# aquaclear filter



## millermin (Jan 12, 2010)

any one know why the power concumption is same for aquaclear 30,50,70. but there are flow rate are diffierent?


----------



## dl88dl (Mar 8, 2010)

millermin said:


> any one know why the power concumption is same for aquaclear 30,50,70. but there are flow rate are diffierent?


They all use the same motor but use different impellers for the flow rate and only the AC110 has a bigger motor that use 14watts and all above motors use 6 watts.


----------



## millermin (Jan 12, 2010)

dl88dl said:


> They all use the same motor but use different impellers for the flow rate and only the AC110 has a bigger motor that use 14watts and all above motors use 6 watts.


diffierent impellers can offer different flow rate?


----------



## aeri (Sep 9, 2007)

yes .


----------



## millermin (Jan 12, 2010)

thank everyone.


----------



## celticman (Jul 20, 2010)

millermin said:


> diffierent impellers can offer different flow rate?
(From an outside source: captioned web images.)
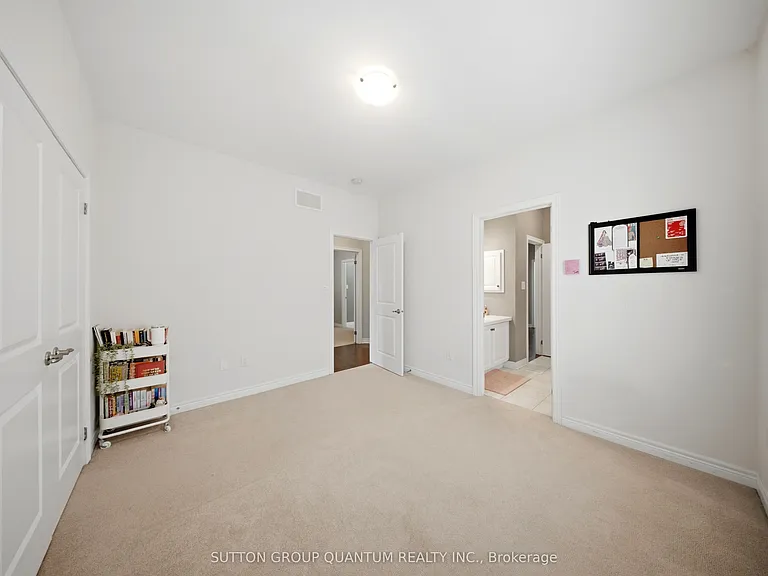 3196 Ernest Appelbe Blvd — Photo 36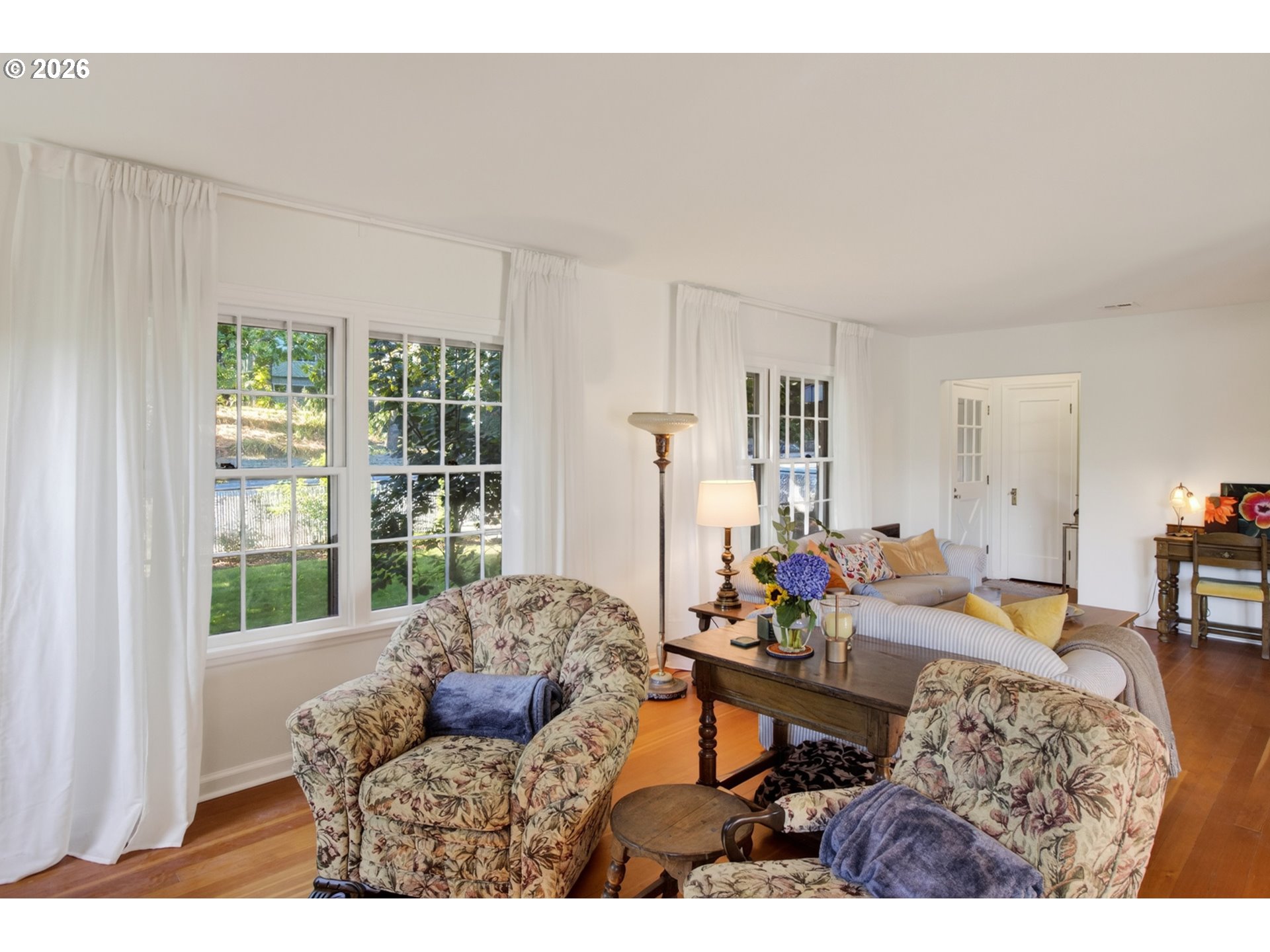 1016 OAK ST, Hood River, OR 97031, photo 8 of 48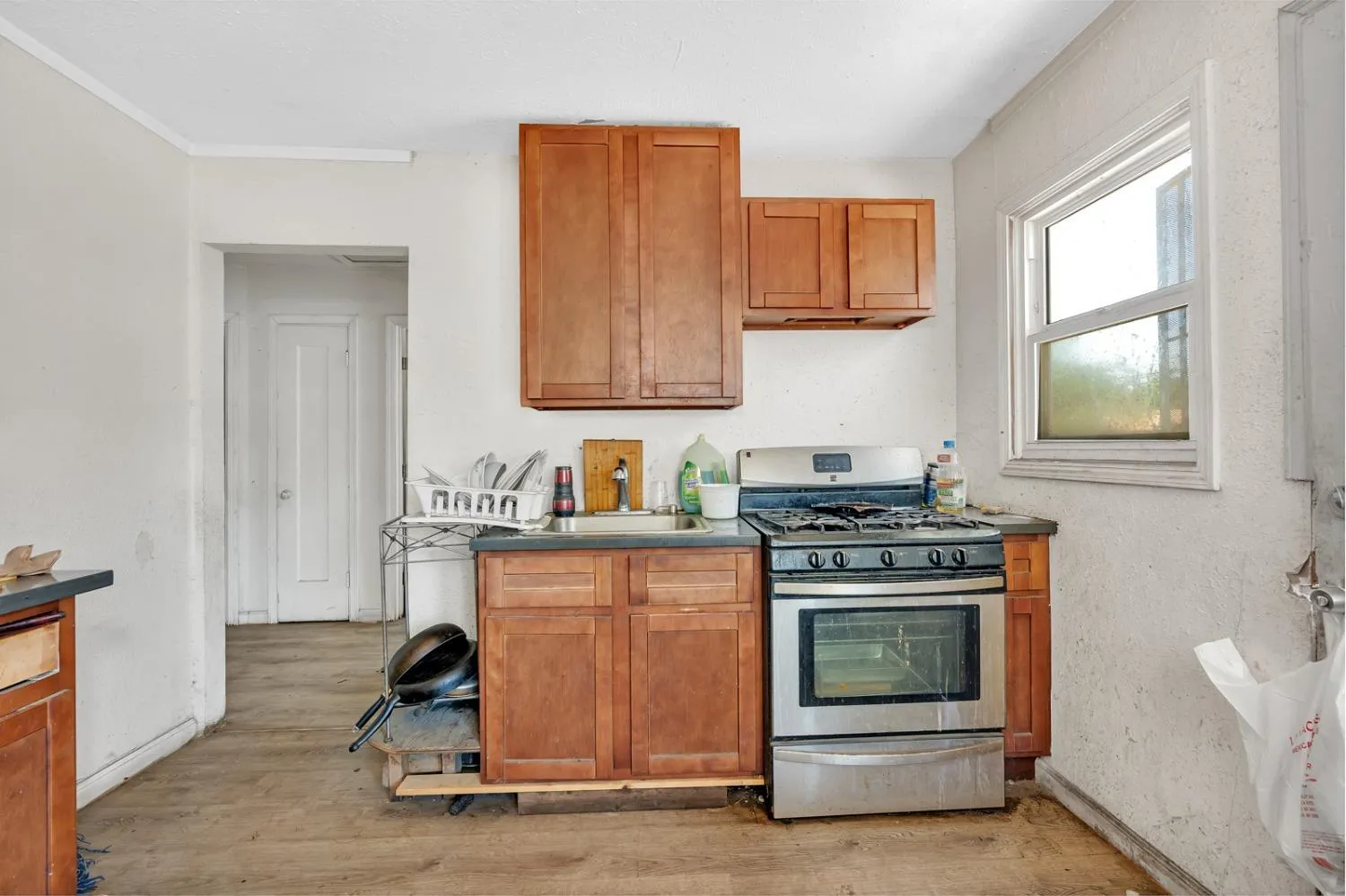 Fresno, California 93702, United States, 3 Bedrooms Bedrooms, ,1 BathroomBathrooms,Residential,Pending,128733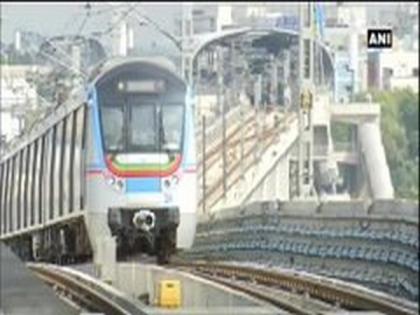 Hyderabad Metro to operate between 7 am and 12:45 pm in view of lockdown | Hyderabad Metro to operate between 7 am and 12:45 pm in view of lockdown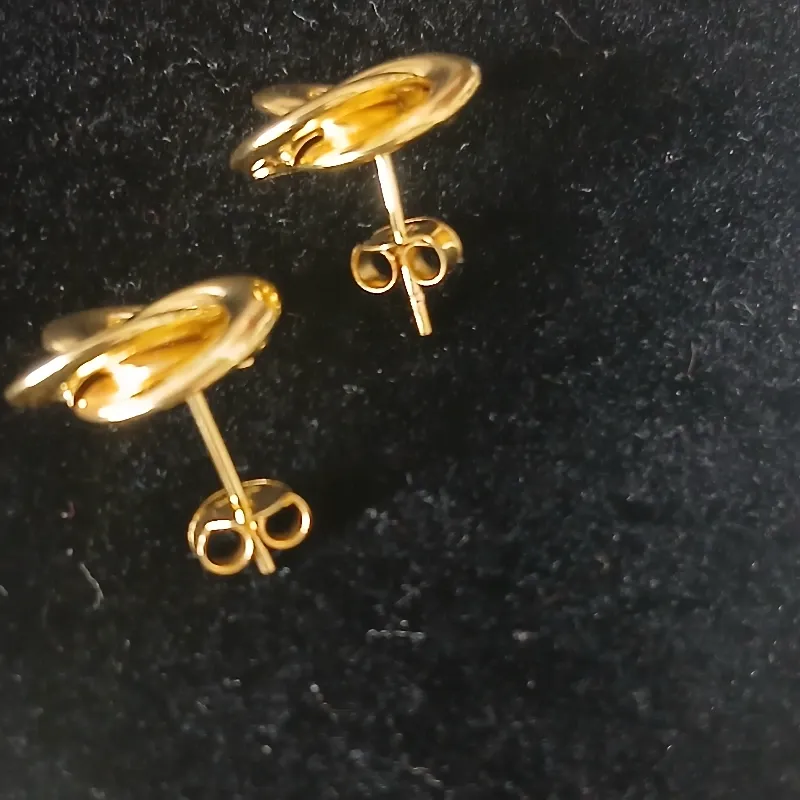 Aretes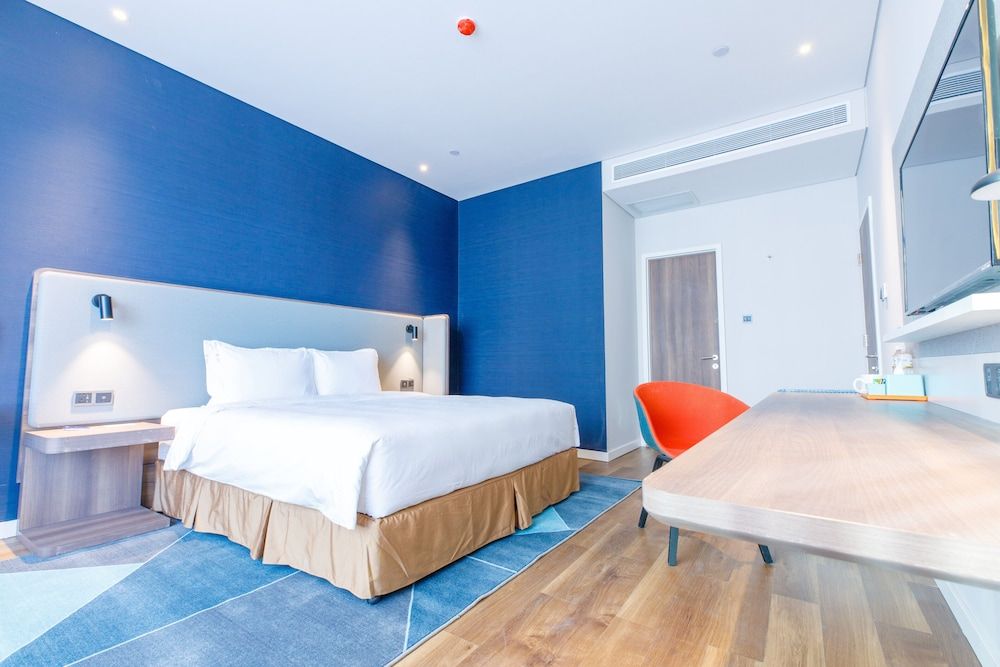 Standard Room, 1 King Bed (Extra Floor Space)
That's why the Titanic had a big propeller


----------



## Chromey (Sep 25, 2010)

celticman said:


> That's why the Titanic had a big propeller


But still manage to sail with a aquaclear motor...


----------



## Kerohime (Jan 10, 2011)

Propelled itself right into an iceberg.


----------



## bigfishy (Jun 19, 2009)

It would still be unsinkable, if it didn't turn and just hit it straight on!


----------



## Jackson (Jan 30, 2009)

bigfishy said:


> It would still be unsinkable, if it didn't turn and just hit it straight on!


Lmao 

Old news


----------



## Chromey (Sep 25, 2010)

it had a steath pro heater on that side.... Thier was never a Ice-berg


----------